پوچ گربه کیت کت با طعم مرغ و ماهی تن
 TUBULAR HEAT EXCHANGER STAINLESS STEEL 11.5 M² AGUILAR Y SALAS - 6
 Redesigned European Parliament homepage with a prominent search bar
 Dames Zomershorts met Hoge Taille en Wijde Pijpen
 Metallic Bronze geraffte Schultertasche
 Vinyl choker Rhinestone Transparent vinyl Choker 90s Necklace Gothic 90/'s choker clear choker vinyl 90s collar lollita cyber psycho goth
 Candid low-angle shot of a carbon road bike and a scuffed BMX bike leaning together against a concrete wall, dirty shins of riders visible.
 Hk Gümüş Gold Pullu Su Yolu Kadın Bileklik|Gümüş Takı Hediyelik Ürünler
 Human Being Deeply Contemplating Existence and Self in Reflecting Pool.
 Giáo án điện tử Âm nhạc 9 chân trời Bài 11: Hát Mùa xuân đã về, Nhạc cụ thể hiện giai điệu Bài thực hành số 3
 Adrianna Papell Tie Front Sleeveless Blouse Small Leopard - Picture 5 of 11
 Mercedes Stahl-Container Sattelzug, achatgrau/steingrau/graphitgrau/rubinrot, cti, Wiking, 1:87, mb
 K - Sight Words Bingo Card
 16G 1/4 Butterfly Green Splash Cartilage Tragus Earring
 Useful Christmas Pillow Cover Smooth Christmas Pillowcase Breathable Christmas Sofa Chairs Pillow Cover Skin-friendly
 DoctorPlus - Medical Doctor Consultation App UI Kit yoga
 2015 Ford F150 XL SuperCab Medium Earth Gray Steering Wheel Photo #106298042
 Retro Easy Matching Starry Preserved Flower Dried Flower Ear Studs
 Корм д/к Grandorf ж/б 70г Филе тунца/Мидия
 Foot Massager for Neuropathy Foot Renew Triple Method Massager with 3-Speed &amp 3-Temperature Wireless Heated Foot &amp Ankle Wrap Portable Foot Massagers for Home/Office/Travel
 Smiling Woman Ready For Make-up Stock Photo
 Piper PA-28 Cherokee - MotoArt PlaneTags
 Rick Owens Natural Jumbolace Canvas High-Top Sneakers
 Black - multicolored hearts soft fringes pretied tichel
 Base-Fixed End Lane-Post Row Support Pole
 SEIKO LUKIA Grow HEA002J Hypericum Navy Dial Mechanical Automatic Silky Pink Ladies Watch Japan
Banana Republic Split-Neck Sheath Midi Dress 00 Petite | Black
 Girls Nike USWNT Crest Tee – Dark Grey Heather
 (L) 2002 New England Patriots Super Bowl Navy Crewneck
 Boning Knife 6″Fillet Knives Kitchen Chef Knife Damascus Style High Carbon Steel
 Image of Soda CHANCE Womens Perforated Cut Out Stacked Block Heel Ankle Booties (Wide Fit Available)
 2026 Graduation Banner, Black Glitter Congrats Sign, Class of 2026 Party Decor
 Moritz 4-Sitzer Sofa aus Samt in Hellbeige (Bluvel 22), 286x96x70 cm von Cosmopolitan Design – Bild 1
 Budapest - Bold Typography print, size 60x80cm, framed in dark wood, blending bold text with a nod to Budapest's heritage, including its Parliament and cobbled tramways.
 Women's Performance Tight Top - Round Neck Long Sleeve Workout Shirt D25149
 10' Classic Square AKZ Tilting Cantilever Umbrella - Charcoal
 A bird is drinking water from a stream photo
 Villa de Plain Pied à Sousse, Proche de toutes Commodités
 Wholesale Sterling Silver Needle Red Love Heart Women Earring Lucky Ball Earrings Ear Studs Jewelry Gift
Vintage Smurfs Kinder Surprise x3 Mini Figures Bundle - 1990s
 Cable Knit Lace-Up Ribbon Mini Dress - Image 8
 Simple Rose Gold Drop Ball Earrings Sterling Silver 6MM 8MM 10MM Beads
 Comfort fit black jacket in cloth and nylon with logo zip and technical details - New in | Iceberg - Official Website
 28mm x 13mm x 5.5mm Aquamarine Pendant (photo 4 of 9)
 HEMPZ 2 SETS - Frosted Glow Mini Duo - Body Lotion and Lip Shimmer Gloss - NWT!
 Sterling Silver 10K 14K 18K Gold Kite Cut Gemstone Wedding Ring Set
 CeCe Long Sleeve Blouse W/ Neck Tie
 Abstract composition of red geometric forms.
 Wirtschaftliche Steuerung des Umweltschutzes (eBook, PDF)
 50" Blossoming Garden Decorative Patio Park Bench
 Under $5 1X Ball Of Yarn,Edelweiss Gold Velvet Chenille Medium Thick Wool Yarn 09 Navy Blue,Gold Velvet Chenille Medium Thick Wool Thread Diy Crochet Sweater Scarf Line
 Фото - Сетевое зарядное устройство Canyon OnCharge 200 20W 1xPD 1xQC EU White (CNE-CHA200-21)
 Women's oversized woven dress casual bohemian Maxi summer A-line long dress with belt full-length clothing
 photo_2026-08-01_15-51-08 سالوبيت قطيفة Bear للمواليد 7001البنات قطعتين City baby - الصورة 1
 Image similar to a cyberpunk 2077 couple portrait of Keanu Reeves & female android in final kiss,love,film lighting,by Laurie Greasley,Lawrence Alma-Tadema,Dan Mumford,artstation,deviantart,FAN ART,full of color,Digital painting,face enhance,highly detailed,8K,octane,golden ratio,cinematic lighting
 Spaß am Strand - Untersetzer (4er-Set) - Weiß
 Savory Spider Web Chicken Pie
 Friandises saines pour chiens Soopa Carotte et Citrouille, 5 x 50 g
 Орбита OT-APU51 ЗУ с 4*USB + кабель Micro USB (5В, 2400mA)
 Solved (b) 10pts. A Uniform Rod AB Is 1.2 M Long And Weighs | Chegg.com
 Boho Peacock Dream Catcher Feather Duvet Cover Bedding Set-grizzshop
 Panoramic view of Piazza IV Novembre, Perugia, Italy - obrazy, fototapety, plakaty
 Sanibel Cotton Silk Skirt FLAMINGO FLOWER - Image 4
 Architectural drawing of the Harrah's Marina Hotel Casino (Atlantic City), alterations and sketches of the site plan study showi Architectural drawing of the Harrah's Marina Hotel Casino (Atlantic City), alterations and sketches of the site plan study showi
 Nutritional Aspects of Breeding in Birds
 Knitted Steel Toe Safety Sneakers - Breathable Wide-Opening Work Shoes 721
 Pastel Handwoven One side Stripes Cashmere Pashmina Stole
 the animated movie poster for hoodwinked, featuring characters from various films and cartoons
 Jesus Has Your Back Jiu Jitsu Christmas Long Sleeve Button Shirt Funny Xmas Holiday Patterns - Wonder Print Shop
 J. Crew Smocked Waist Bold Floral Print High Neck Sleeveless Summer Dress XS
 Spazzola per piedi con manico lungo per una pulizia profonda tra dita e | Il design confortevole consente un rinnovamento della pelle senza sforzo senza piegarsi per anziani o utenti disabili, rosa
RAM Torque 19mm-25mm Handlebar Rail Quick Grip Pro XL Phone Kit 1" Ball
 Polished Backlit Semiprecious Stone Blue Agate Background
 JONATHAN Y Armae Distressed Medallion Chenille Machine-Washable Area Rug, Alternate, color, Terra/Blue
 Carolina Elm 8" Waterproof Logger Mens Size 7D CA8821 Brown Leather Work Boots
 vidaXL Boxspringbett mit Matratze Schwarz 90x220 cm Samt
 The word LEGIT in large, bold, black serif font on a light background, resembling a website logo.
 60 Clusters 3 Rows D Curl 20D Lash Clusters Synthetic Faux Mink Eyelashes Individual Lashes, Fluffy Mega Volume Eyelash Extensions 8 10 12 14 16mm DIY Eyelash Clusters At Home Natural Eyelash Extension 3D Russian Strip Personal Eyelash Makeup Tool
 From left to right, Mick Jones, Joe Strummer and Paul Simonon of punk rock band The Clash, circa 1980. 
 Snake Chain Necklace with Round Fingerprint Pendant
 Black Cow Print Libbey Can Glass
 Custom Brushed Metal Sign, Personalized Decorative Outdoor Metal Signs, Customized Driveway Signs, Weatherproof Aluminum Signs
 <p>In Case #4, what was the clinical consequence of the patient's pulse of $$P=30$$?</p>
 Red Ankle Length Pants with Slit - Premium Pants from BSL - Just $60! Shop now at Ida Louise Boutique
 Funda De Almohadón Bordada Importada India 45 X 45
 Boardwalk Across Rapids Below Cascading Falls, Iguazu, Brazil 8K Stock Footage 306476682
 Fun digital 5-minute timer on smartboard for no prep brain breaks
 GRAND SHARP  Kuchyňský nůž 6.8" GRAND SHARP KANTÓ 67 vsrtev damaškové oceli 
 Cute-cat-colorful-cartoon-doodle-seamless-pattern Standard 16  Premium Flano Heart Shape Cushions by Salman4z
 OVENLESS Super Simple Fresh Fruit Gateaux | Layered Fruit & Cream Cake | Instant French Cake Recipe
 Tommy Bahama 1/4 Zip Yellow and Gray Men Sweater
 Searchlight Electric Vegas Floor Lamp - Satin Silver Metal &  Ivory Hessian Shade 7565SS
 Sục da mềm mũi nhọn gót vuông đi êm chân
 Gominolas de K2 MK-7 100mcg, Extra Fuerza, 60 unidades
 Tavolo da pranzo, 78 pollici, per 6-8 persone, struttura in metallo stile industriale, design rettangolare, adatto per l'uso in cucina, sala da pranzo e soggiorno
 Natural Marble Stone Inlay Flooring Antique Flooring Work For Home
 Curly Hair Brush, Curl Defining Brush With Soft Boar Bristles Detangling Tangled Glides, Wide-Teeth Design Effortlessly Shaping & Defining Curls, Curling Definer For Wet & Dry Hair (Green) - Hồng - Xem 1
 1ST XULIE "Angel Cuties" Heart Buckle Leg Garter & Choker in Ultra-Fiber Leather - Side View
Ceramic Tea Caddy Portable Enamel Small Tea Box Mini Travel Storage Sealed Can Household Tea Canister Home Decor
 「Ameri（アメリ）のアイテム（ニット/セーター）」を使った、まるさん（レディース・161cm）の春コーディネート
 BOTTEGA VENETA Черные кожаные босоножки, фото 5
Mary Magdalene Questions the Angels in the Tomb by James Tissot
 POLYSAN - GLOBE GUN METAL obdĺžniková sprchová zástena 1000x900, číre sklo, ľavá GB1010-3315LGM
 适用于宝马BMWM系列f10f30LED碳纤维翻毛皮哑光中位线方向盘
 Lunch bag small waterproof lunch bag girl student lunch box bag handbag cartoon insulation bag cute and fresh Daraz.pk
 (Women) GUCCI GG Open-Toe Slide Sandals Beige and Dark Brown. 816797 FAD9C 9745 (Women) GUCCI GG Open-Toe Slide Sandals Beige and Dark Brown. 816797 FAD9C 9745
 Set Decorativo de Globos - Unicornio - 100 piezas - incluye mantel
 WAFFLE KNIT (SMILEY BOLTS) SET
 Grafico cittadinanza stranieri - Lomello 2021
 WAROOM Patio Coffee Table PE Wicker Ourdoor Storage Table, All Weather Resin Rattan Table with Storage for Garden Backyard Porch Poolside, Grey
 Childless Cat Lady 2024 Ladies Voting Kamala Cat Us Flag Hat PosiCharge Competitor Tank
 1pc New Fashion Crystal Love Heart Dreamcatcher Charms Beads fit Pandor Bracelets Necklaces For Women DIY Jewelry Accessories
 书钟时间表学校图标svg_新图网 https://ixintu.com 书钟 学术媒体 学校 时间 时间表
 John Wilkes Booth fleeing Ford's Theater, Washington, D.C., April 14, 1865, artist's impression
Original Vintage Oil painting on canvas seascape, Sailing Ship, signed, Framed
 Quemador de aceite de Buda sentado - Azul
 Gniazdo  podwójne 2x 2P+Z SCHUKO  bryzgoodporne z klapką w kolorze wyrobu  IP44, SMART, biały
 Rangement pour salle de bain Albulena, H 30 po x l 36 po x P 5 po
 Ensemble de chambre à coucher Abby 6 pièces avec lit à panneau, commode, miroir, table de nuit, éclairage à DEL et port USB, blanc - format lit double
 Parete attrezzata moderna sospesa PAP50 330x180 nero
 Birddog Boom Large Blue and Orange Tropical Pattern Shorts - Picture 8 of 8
::::::::
Looking at the data above, return every line from the one with "Redesigned European Parliament" down to the one with "2026 Graduation Banner, Black", exactly and inclusively.

_ANSWER BOX_
 Redesigned European Parliament homepage with a prominent search bar
 Dames Zomershorts met Hoge Taille en Wijde Pijpen
 Metallic Bronze geraffte Schultertasche
 Vinyl choker Rhinestone Transparent vinyl Choker 90s Necklace Gothic 90/'s choker clear choker vinyl 90s collar lollita cyber psycho goth
 Candid low-angle shot of a carbon road bike and a scuffed BMX bike leaning together against a concrete wall, dirty shins of riders visible.
 Hk Gümüş Gold Pullu Su Yolu Kadın Bileklik|Gümüş Takı Hediyelik Ürünler
 Human Being Deeply Contemplating Existence and Self in Reflecting Pool.
 Giáo án điện tử Âm nhạc 9 chân trời Bài 11: Hát Mùa xuân đã về, Nhạc cụ thể hiện giai điệu Bài thực hành số 3
 Adrianna Papell Tie Front Sleeveless Blouse Small Leopard - Picture 5 of 11
 Mercedes Stahl-Container Sattelzug, achatgrau/steingrau/graphitgrau/rubinrot, cti, Wiking, 1:87, mb
 K - Sight Words Bingo Card
 16G 1/4 Butterfly Green Splash Cartilage Tragus Earring
 Useful Christmas Pillow Cover Smooth Christmas Pillowcase Breathable Christmas Sofa Chairs Pillow Cover Skin-friendly
 DoctorPlus - Medical Doctor Consultation App UI Kit yoga
 2015 Ford F150 XL SuperCab Medium Earth Gray Steering Wheel Photo #106298042
 Retro Easy Matching Starry Preserved Flower Dried Flower Ear Studs
 Корм д/к Grandorf ж/б 70г Филе тунца/Мидия
 Foot Massager for Neuropathy Foot Renew Triple Method Massager with 3-Speed &amp 3-Temperature Wireless Heated Foot &amp Ankle Wrap Portable Foot Massagers for Home/Office/Travel
 Smiling Woman Ready For Make-up Stock Photo
 Piper PA-28 Cherokee - MotoArt PlaneTags
 Rick Owens Natural Jumbolace Canvas High-Top Sneakers
 Black - multicolored hearts soft fringes pretied tichel
 Base-Fixed End Lane-Post Row Support Pole
 SEIKO LUKIA Grow HEA002J Hypericum Navy Dial Mechanical Automatic Silky Pink Ladies Watch Japan
Banana Republic Split-Neck Sheath Midi Dress 00 Petite | Black
 Girls Nike USWNT Crest Tee – Dark Grey Heather
 (L) 2002 New England Patriots Super Bowl Navy Crewneck
 Boning Knife 6″Fillet Knives Kitchen Chef Knife Damascus Style High Carbon Steel
 Image of Soda CHANCE Womens Perforated Cut Out Stacked Block Heel Ankle Booties (Wide Fit Available)
 2026 Graduation Banner, Black Glitter Congrats Sign, Class of 2026 Party Decor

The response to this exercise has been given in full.